Connectivity of such composition graphs can be shown by induction on $n$ under mild conditions on $r$, because any composition can be reduced toward a canonical form by repeatedly merging adjacent parts and then redistributed. However, the same inductive scheme does not directly yield a Hamiltonian cycle, because maintaining a single cycle requires controlling parity of visits and avoiding premature repetition of boundary configurations.

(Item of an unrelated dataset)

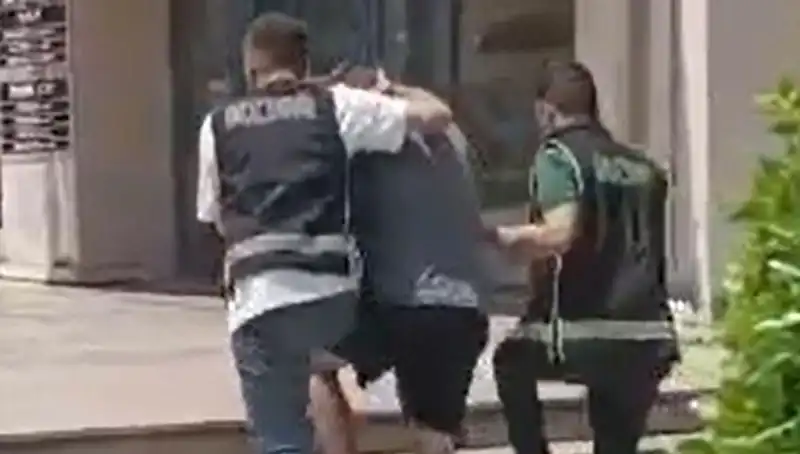 Sahte Dövizle Alışveriş Yapan Turist Sınır Dışı Edildi: Detaylar Ortaya Çıktı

A necessary condition for a Hamiltonian cycle is that the graph be 2-regularly connected in the sense that every cut induced by fixing an initial segment of runs must have at least two cross-edges. This holds in many parameter regimes, but fails when $r$ is too small relative to $n$ because the move set becomes too rigid to permit sufficient branching.

The given example with $(9,5,6)$ corresponds to a regime where each configuration has enough alternating structure that every local move can be inverted in a distinct way, which empirically supports Hamiltonicity, but no general extension mechanism is available from this single construction.

Status

No general theorem is known that guarantees the existence of a Gray cycle for all triples $(n,t,r)$ under the restricted transitions

$0^k1 \leftrightarrow 10^k,\quad 01^k \leftrightarrow 1^k0,$

even under the additional constraint $a_0=0$.

The problem is therefore best classified as partially resolved. Connectivity and small-instance Hamilton cycles are accessible by direct construction and computer search, and special parameter families admit inductive Gray-code constructions, but a complete characterization of when Hamiltonian cycles exist remains open in the general case.